Ludwigsburg’un belki de en sıkıntılı olduğu pozisyonlar forvet pozisyonları. Martin, Toppert ve Crawford dışında güvenilir bir tercihe sahip olmayan Ludwigsburg’un bu üç isimden ikisinin kenarda olduğu anlarda sahada üç guard ile bulunabiliyor. Takımdaki guard’ların boylarının 1.82 ile 1.91 arasında değiştiğini, yukarıda adları geçen forvet üçlüsünün de Şampiyonlar Ligi’nde sırasıyla 24.4, 21.5 ve 18.5 dakika sahada kaldıklarını hatırlatalım. Bununla birlikte, deplasmandaki Beşiktaş maçından da hatırlanacağı üzere dış şut becerisiyle Toppert ve atletizmi, hücum ribaundlarındaki agresifliği ve genel olarak “Fakirin Derrick Brown’u” diye tanımlayabileceğimiz oyunuyla Martin, verimli olduklarında Ludwigsburg’a büyük çeşitlilik katan isimler. Crawford ise 2 ve 3 numara oynayabilme meziyetiyle takımda derinlik katan bir faktör.

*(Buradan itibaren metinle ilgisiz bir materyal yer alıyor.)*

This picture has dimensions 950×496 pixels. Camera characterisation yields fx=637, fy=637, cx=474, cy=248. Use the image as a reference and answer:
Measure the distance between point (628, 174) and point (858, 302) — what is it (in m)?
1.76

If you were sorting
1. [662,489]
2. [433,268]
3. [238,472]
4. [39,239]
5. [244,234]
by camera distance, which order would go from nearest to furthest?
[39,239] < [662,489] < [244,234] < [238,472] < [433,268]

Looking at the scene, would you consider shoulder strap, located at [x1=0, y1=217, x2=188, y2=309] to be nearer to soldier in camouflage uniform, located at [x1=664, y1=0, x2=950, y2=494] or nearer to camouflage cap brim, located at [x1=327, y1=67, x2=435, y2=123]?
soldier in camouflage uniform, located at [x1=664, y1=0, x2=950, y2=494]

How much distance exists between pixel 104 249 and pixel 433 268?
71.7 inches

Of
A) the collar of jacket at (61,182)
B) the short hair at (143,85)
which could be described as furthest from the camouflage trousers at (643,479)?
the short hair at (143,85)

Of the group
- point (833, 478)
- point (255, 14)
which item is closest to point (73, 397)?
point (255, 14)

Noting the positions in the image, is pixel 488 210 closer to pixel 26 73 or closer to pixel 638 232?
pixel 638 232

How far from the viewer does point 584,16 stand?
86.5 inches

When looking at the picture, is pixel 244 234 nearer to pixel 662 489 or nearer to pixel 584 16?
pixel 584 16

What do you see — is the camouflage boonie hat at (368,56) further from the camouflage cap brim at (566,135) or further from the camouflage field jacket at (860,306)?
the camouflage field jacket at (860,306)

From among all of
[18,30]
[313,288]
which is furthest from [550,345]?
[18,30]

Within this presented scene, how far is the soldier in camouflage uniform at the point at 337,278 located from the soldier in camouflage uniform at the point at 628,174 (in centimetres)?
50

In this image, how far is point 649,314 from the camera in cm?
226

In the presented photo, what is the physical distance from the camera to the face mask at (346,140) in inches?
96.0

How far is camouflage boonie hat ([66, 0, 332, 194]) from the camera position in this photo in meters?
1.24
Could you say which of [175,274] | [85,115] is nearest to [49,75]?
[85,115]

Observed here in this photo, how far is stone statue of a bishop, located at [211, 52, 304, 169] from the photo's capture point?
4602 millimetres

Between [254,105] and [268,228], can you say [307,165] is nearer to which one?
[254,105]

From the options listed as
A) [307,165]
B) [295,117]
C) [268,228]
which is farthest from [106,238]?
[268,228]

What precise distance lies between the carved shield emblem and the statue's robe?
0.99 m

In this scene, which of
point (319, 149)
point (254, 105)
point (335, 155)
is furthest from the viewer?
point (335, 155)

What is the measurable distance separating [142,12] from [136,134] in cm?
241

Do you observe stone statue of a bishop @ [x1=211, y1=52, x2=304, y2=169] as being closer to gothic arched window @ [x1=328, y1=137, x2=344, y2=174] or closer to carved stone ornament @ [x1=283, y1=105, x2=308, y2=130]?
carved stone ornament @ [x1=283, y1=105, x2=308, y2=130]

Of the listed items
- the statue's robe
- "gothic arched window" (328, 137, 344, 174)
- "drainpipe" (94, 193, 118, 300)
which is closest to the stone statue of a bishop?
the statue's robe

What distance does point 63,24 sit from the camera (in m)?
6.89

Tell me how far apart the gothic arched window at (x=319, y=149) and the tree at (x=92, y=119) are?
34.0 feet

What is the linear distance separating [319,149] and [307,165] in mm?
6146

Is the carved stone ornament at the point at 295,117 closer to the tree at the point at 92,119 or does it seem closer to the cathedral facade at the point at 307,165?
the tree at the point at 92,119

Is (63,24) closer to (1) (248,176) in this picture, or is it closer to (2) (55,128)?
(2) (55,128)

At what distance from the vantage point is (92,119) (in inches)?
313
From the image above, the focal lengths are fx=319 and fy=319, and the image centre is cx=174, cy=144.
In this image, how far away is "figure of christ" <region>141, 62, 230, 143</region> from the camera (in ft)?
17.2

Takımın iki pivotu Jack Cooley ile Johannes Thiemann, birbirlerinden çoğu anlamda zıt oyuncular. Kalın fiziği ve alçak posttaki becerisiyle oyunda olduğu anlarda takımının ana hücum silahı olan Cooley, dış şut atmaktan çekinmemesiyle de rakiplerine problem yaratabilecek tipte bir oyuncu. Cooley’e oranla atlet ve hareketli bir oyuncu olan Thiemann ise dış şutu, yüzü dönük oyunu, enerjisi ve alçak posttaki power-move’ları ile fark yaratabiliyor.
Savunma
Ludwigsburg guard’larını takımın savunma taktiğiyle birlikte incelemek yazının devamlılığı açısından sağlıklı olacaktır. Ne Cooley (2.06) ne de Thiemann (2.03), boyları ve özellikleri gereği çember savunmaya yatkın oyuncular değiller. Bu nedenle savunma ribaundlarında veya penetrelerde – tahmin edileceği gibi – zorlanan Ludwigsburg’un imdadına, bu noktada kısaları yetişiyor.

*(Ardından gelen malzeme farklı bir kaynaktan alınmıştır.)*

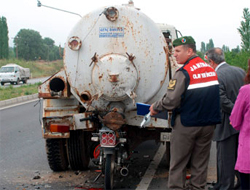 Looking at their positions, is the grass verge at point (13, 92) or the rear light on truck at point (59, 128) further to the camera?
the grass verge at point (13, 92)

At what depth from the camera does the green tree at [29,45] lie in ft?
333

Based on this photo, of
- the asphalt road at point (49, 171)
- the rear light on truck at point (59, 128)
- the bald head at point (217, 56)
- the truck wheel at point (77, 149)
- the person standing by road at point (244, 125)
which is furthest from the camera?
the truck wheel at point (77, 149)

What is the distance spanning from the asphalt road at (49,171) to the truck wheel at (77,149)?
0.18m

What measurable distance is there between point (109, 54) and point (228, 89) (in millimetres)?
1525

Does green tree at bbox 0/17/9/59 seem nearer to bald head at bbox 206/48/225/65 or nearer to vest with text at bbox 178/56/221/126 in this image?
bald head at bbox 206/48/225/65

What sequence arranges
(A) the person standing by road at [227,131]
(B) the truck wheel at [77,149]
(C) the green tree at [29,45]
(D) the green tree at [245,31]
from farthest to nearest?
1. (C) the green tree at [29,45]
2. (D) the green tree at [245,31]
3. (B) the truck wheel at [77,149]
4. (A) the person standing by road at [227,131]

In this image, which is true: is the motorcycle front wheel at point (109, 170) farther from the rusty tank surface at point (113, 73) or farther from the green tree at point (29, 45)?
the green tree at point (29, 45)

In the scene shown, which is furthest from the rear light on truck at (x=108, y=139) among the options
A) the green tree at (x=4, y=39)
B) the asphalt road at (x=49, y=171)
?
the green tree at (x=4, y=39)

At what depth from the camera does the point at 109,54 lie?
546 cm

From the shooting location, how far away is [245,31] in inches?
1114

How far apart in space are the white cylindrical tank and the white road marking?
3.75 ft

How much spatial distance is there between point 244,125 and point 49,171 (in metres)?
3.85

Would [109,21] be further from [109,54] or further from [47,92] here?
[47,92]

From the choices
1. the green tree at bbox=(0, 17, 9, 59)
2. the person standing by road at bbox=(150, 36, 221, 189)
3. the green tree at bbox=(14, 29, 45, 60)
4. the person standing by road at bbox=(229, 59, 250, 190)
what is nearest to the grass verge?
the person standing by road at bbox=(150, 36, 221, 189)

John Patrick’in takım savunmasını üzerine kurduğu ana kiriş, topa baskı. Ana yaratıcılar Hammonds ile Cotton, bire birleri ve baskılı savunmasıyla dikkat çeken Trice ve savunma dışında kısıtlı rollere sahip olan McCray ile Brad Loesing, dışarıdaki toplu oyuncuya dönüşümlü olarak baskı yapmakta. Topsuz oyuncuların pas kanallarına yapılan baskı, yavaş tempoda oynamayı tercih eden Ludwigsburg’un set savunmasını şekillendiren bir diğer etmen. Ribaundlara da yardımcı olan kısaların bu baskısı bir kez aşıldığında takımın kalanı, alanı daraltarak ve doğru pozisyon alarak boyalı alana hareketli halde giren toplu oyuncunun tehditlerini minimuma indirme amacını güdüyor. Takımda blok özelliği yüksek olan oyuncu – Kelvin Martin’in spektaküler blokları dışında – bulunmaması, Ludwigsburg’u bu anlayışa itmekte; zira Şampiyonlar Ligi’nde 0,6 blok ortalamasının üzerine çıkan bir oyuncu bulunmuyor takımda.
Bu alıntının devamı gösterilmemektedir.